*WHAT YOU ARE ASKED TO DO*: Leaving out the pictures, output each record exactly as it stands.

*Source records*:
────────────────────

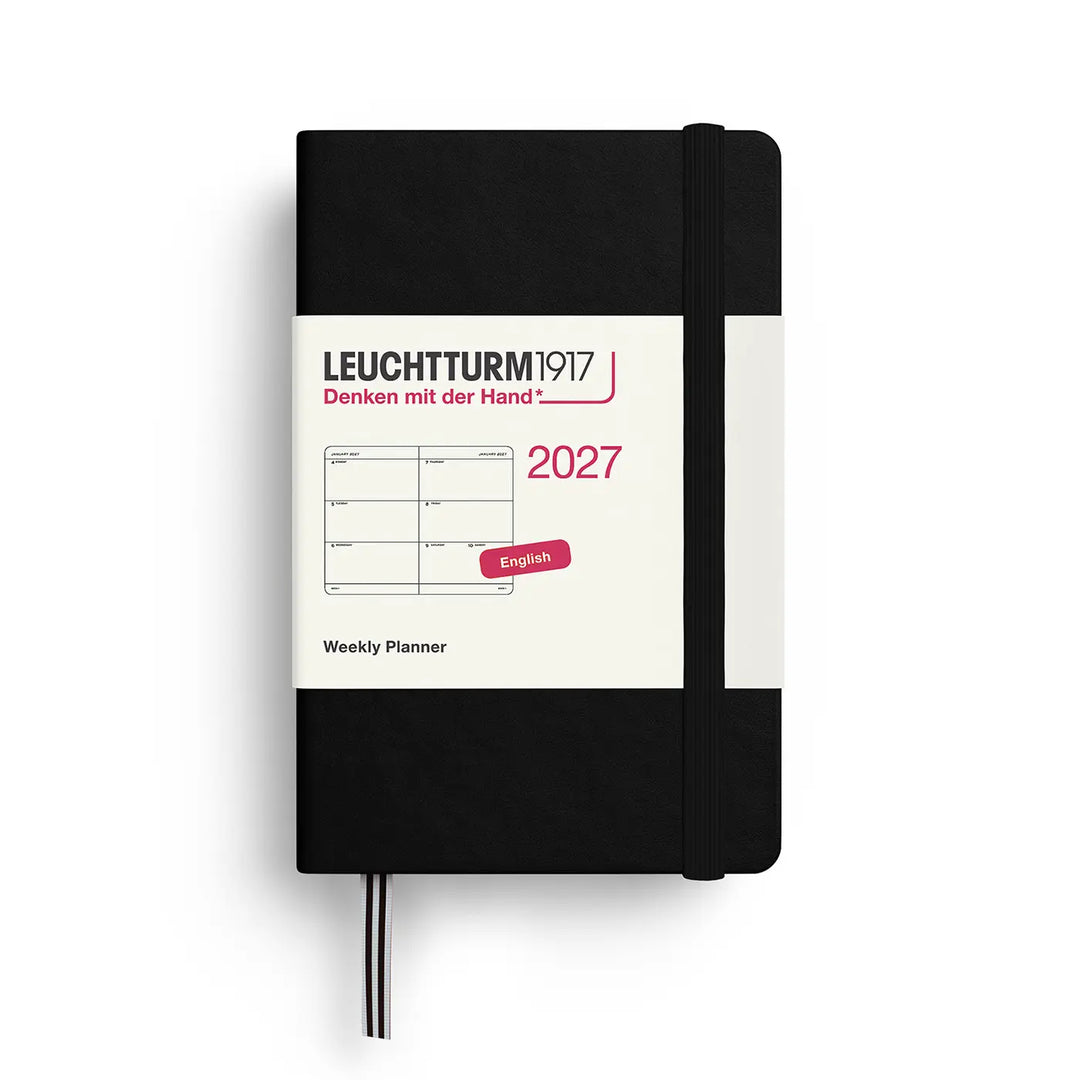Leuchtturm 2027 A7 Mini Weekly Planner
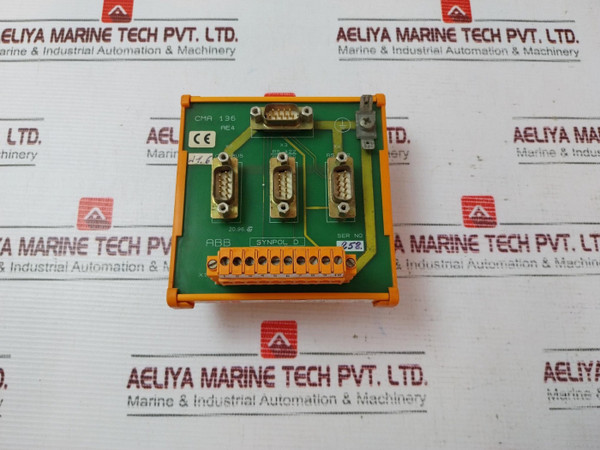 Abb Cma 136 Communication Control Module Ae4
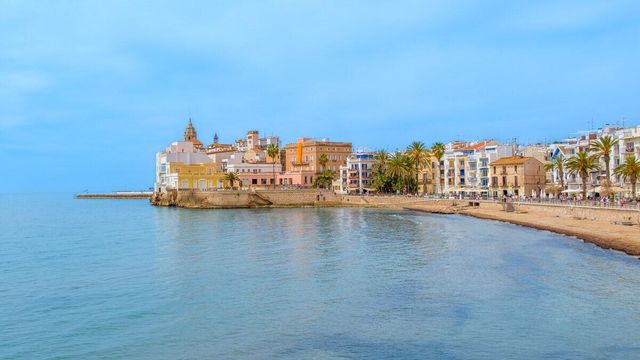 Viviendas frente al mar en Sitges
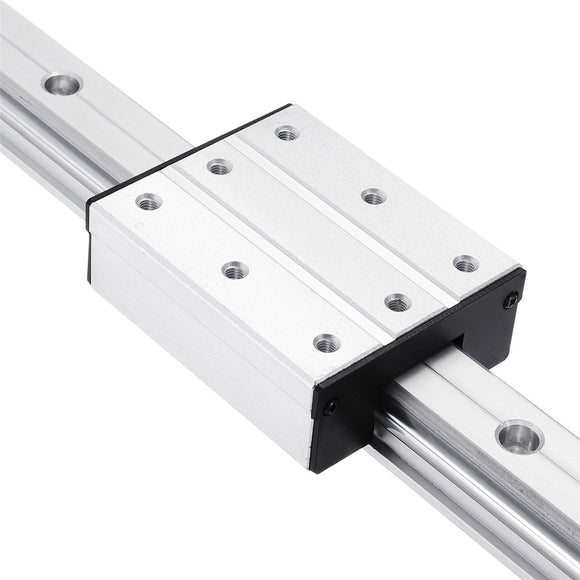 Machifit External Dual-axis LGD12-500L Linear Guide W/LGB12-60L 2UU LGB12-100L/140L 4UU Slide Block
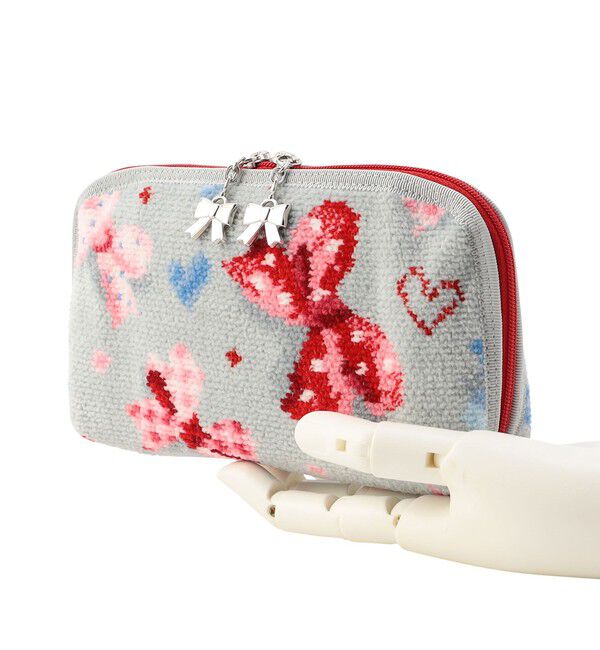 FEILER「ミルメルシー！　便利ポーチ　MIL-236069（WEB限定）」|ポーチ|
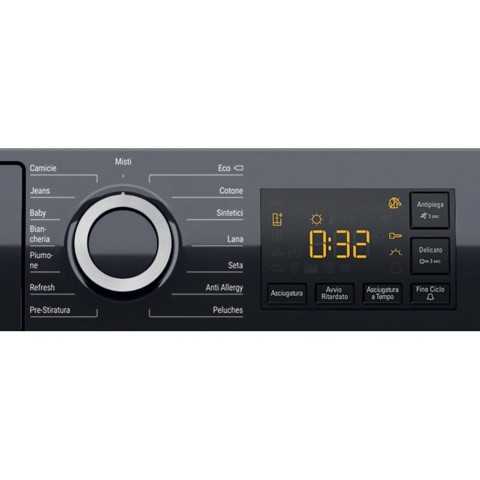Hotpoint Ariston Asciugatrice a libera installazione NTS M11 93 BLACK IT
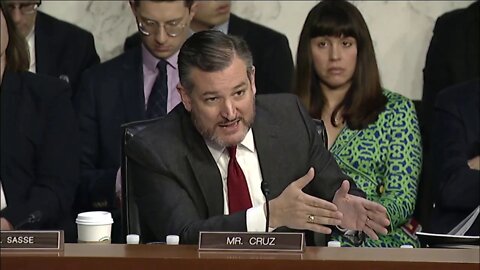 🔴👀🔴 Sen Cruz BLASTS DOJ & FBI for Grotesque Abuses of Power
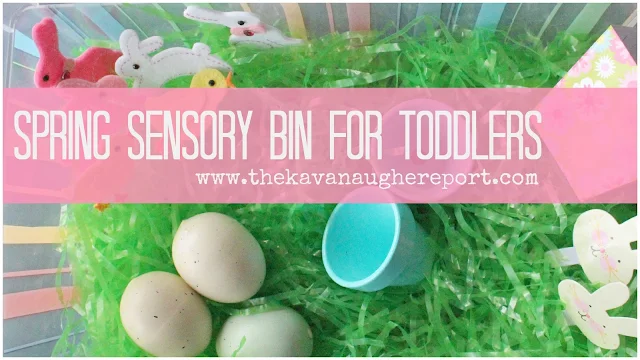 spring sensory Montessori Toddler 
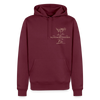 Wattngeflüster's Premium Hoodie - burgundy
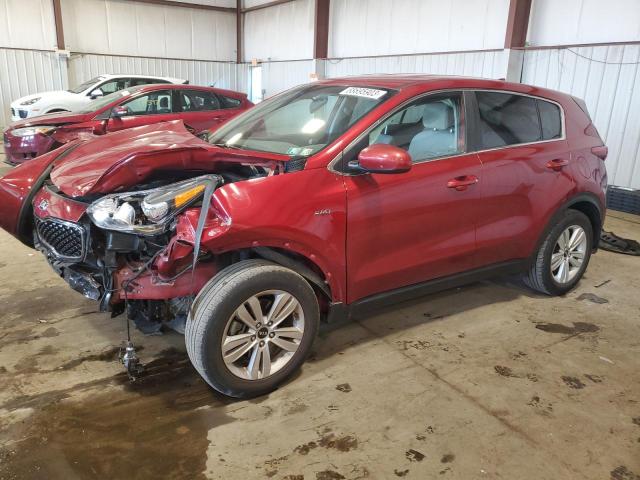 KIA SPORTAGE 2018 kndpmcac3j7431941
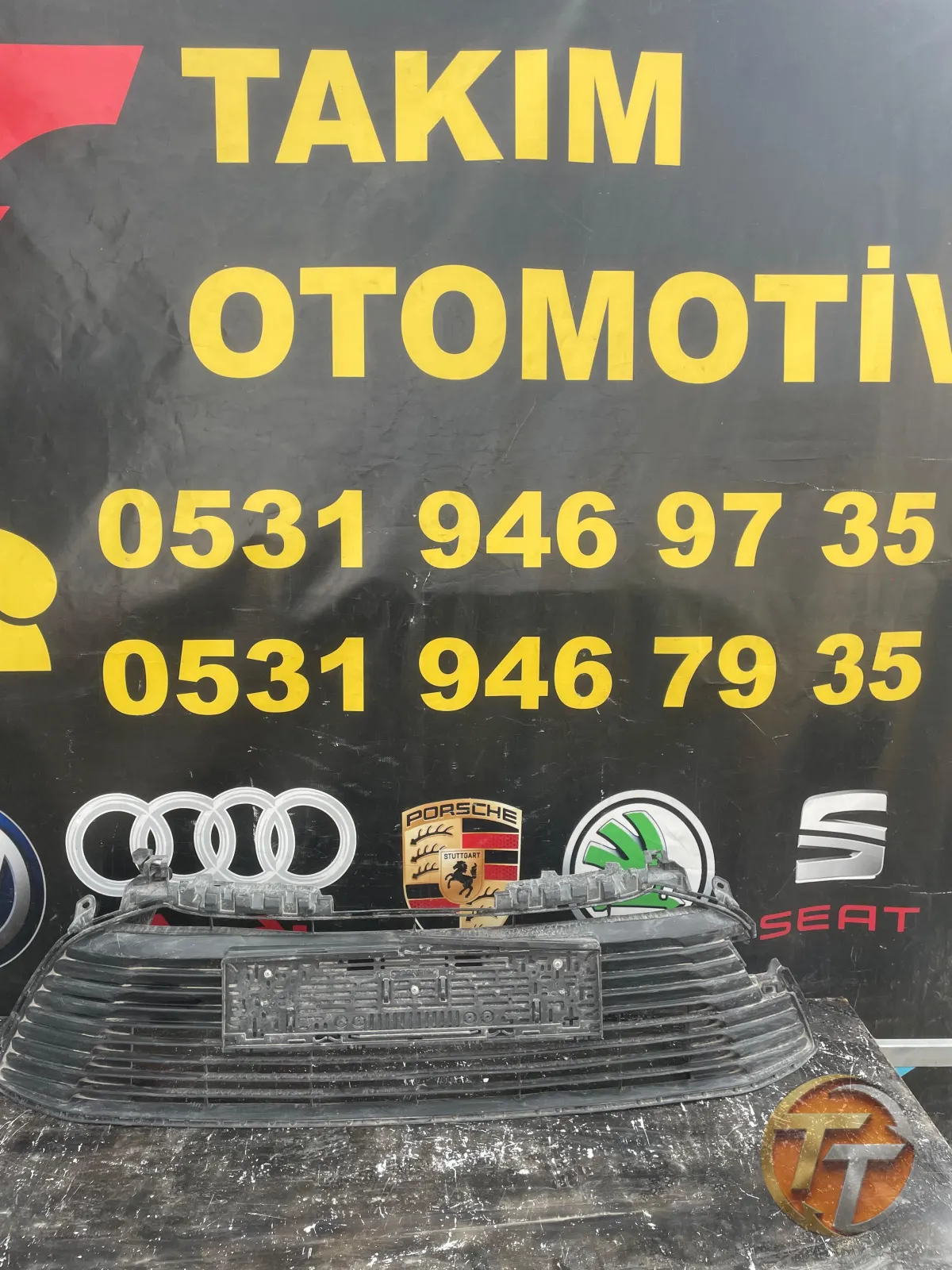 TOYOTA COROLLA ÖN TAMPON ORTA IZGARA 53112-02B50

────────────────────

*YOUR RESPONSE*:
Leuchtturm 2027 A7 Mini Weekly Planner
 Abb Cma 136 Communication Control Module Ae4
 Viviendas frente al mar en Sitges
 Machifit External Dual-axis LGD12-500L Linear Guide W/LGB12-60L 2UU LGB12-100L/140L 4UU Slide Block
 FEILER「ミルメルシー！　便利ポーチ　MIL-236069（WEB限定）」|ポーチ|
Hotpoint Ariston Asciugatrice a libera installazione NTS M11 93 BLACK IT
 🔴👀🔴 Sen Cruz BLASTS DOJ & FBI for Grotesque Abuses of Power
 spring sensory Montessori Toddler 
 Wattngeflüster's Premium Hoodie - burgundy
 KIA SPORTAGE 2018 kndpmcac3j7431941
 TOYOTA COROLLA ÖN TAMPON ORTA IZGARA 53112-02B50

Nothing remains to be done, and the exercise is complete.